The court confirmed that it was said not be set in stone that a child shares the habitual residence of its parents. Whilst through social and family environment, it was likely to be the same as its parents, the analysis of the child’s integration was fundamental and necessary.

On different facts, In the matter of LC (Children); In the matter of LC (Children) (No 2) [2014] UKSC 1, in which Reunite International Child Abduction Centre intervened› the court held that a child could have separate habitual residence from the resident parent. This is particularly so in the case of teenage children.

More recently, In the matter of B (A child) [2016] UKSC 4, the particular focus of the court was on the point at which a child loses their habitual residence. This was material to whether the English courts had jurisdiction to entertain an application, made on 13 February 2014, concerning a child who had left the UK on 3 February 2014, the mother having intended to relocate to Pakistan permanently.

At first instance, Hogg J found that the respondent and the child had lost their habitual residence on their departure from the UK, although the judge considered it probable that they had not acquired habitual residence in Pakistan at that stage ([2014] EWHC 3017 (Fam)).

In the Supreme Court, Lord Wilson commented that to achieve habitual residence ‘requires not the child’s full integration in the environment of the new state but only a degree of it’ (para 39). His observation was that, in certain circumstances, the requisite degree of integration can occur quickly. The analogy used was to that of a see-saw.

The concept operates in the expectation that, when a child gains a new habitual residence, he loses his old one…As probably quite quickly, he puts down those first roots which represent the requisite degree of integration in the environment of the new state, up will probably come the child’s roots in that of the old state to the point at which he achieves the requite de-integration (or better, disengagement) from it (( emphasis in original) (para 45)).

Most recently, the test was reiterated by Lady Justice Black in Re J (A Child) (Finland) (Habitual Residence) [2017] EWCA Civ 80. The approach set out in In the matter of A (Children) above and In the matter of B above had not been applied by the judge of first instance. Notwithstanding this, it was not necessarily meant to suggest that there was only one way to test habitual residence.

The European Court of Justice confirmed, in May 2017, that even a newborn baby cannot be habitually resident in a state it has never been, even if that is an accident (C-111 /17 PPU). Separately, in a case which shall be proceeding to the Court of Appeal in November 2017, the newborn baby of an English mother was found to have habitual residence in the USA after a mere eight unhappy weeks with the mother.

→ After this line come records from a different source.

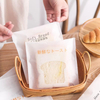 Customized Window Design Single-use Water-proof For Bread Cookies Dessert Packaging Self-adhesive Bag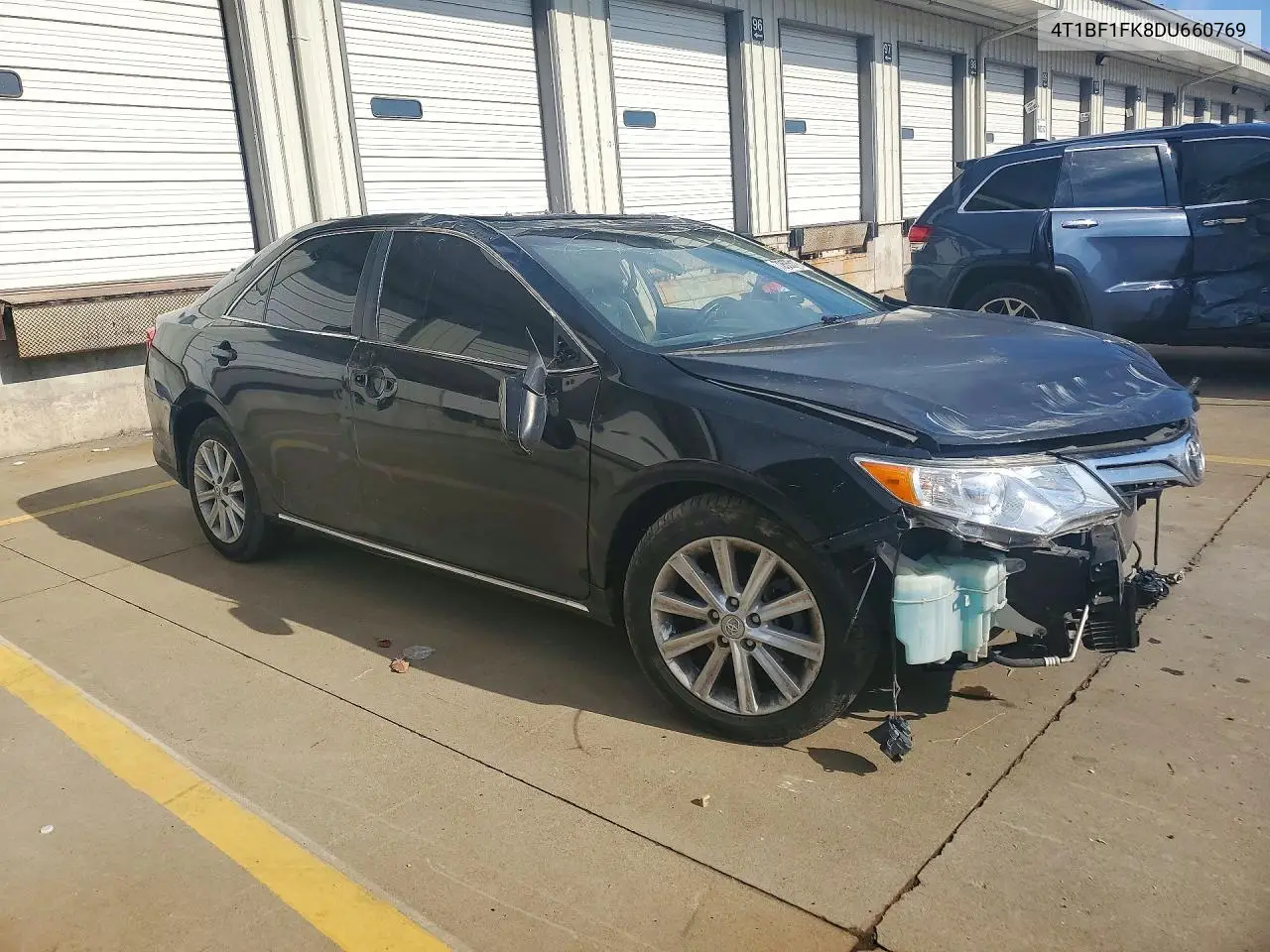 2013 TOYOTA CAMRY VIN 4T1BF1FK8DU660769 — фото 4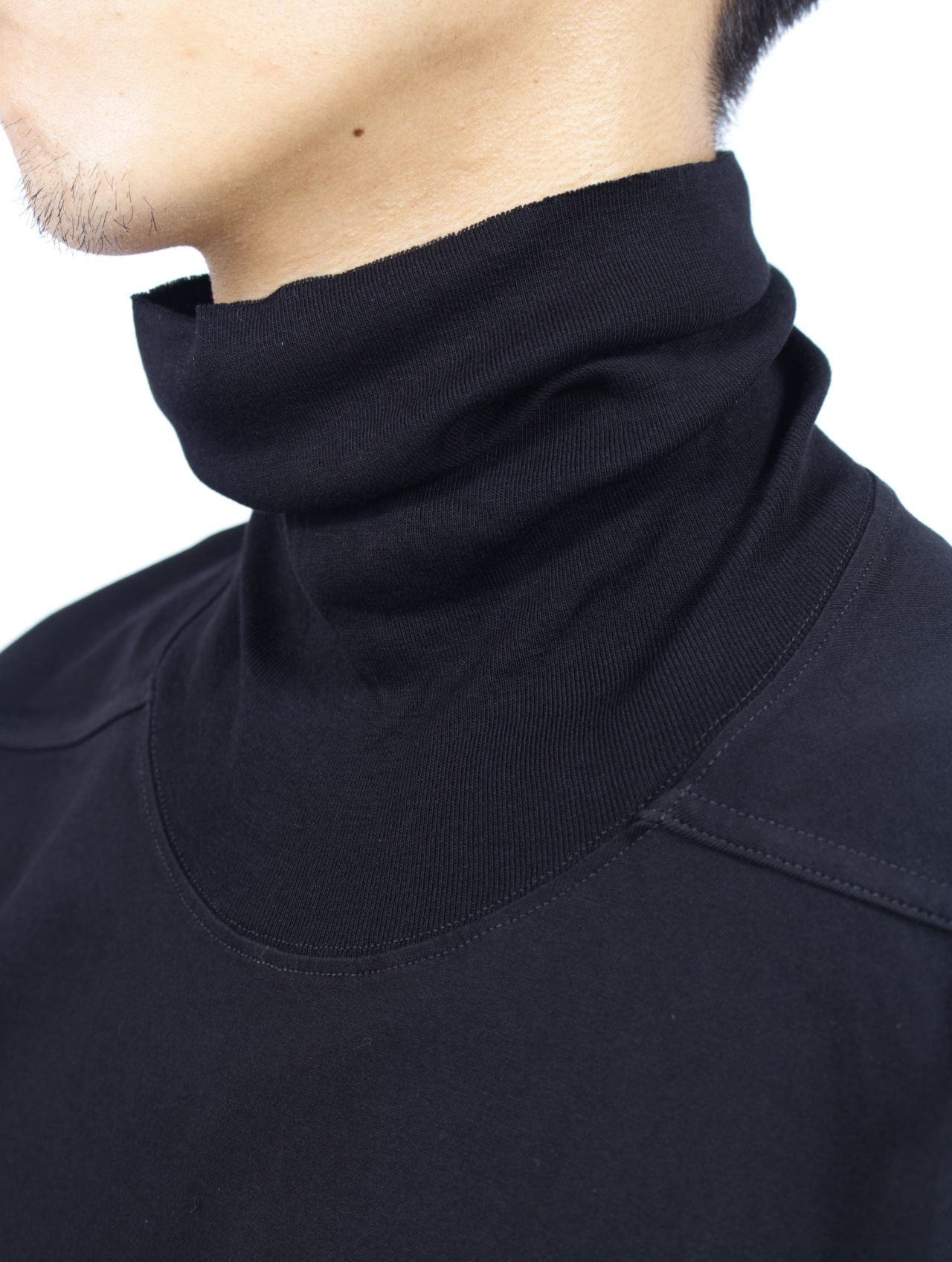 RICK OWENS - 【25AW】タートル カットソー サーフ 長袖 Tシャツ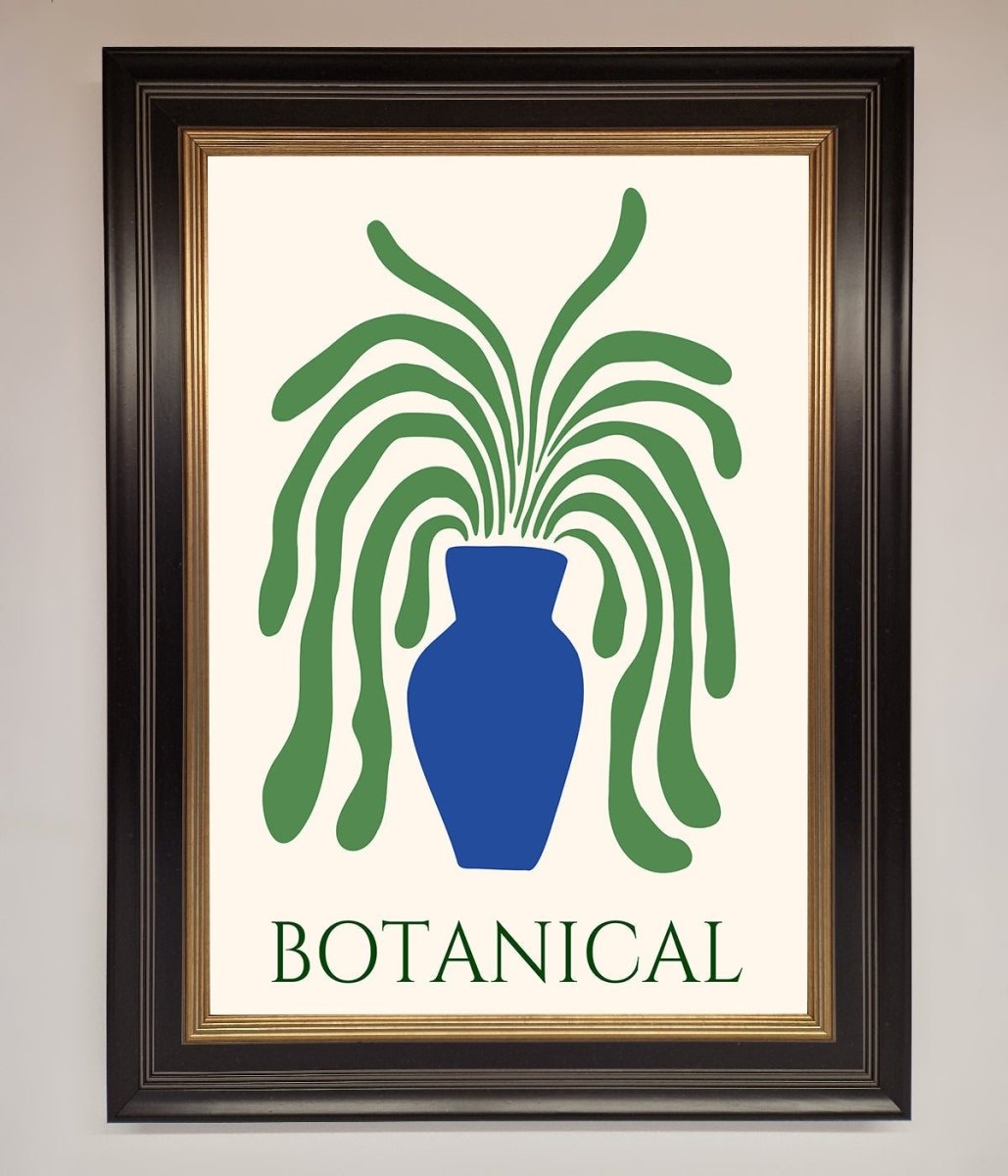 Botanical Plant Framed Wall Art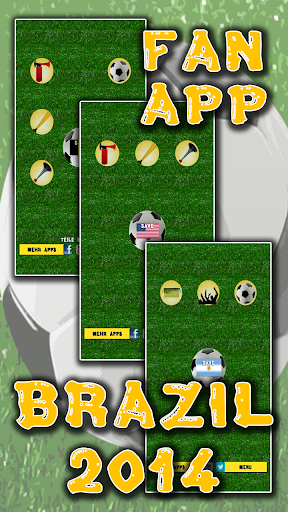 Football Fan App - Brazil 2014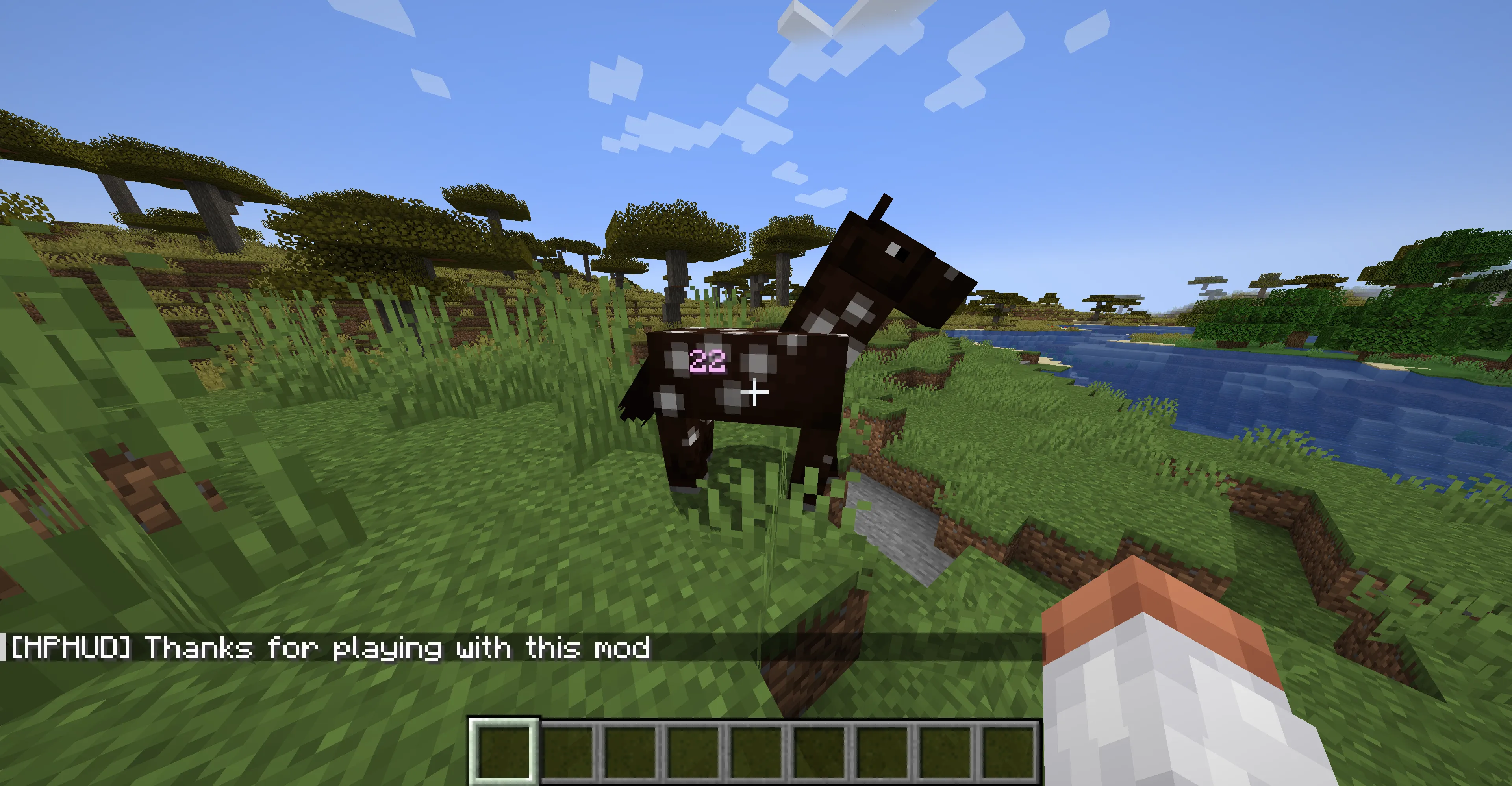 HPHUD, Моды, Minecraft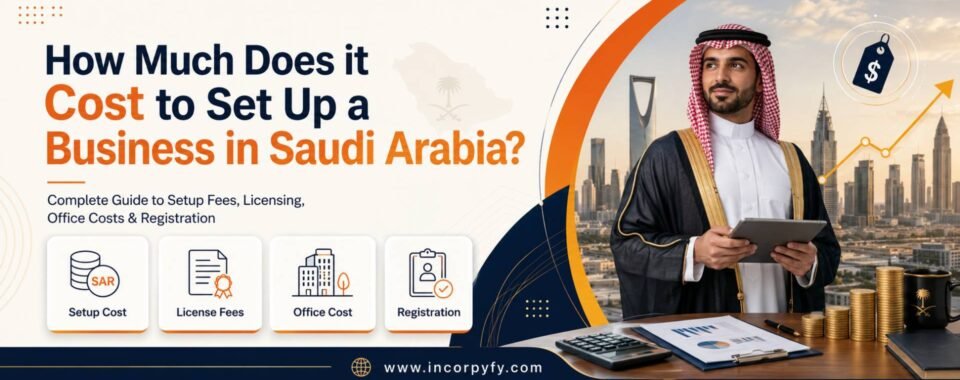 Cost to Set Up a Business in Saudi Arabia
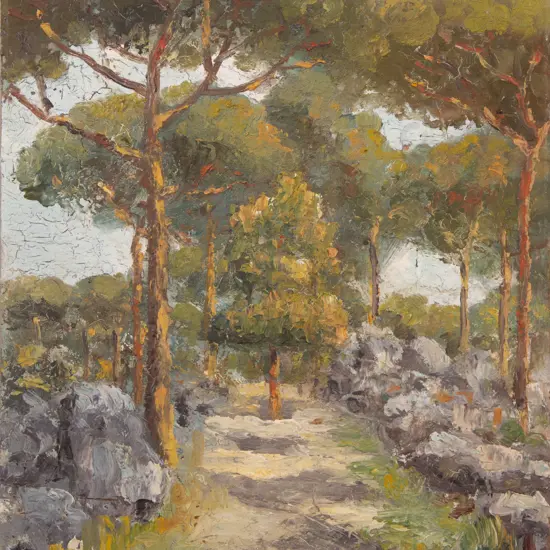 G C King - Landscape (unframed)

In addition to the 1980 Hague Convention, habitual residence is equally relevant and important in cases heard under the inherent jurisdiction, ie, wardship proceedings.

Conclusion

Having seen many practitioners’ surprise when, at a hearing in children's proceedings with an international element, the issue of determination of jurisdiction surfaces, the author strongly advises that you must ensure that this is one of the first subjects you raise when a client comes into your office.

The importance of habitual residence should never be underestimated. A vigorous attack or defence on the issue of habitual residence can be the key to litigation outcome.

1 Available at: http://tinyurl.com/y9ex47qj
2 ICACU guidance for lawyers, available at: http://tinyurl.com/yakgl57x. Text of the 1996 Hague Convention, available at: http://tinyurl.com/ybvesrfh. Text of Council Regulation Brussels II Revised, available at: http://tinyurl.com/yctt26gh
 

PRACTICAL POINTERS

What should family lawyers look out for?

Practitioners should focus on the following:

  • duration;
  • stability;
  • nationality;
  •  family reasons for being in that state;
  • living conditions;
  • language;
  • the age of the child;
  • the child’s  mental state;
  • the intentions of the parents;
  • schooling;
  • friends in the new state;
  • whether they have new pets; 
  • registration with doctors and dentists;
  • benefit claims; and
  • any ongoing litigation about the child.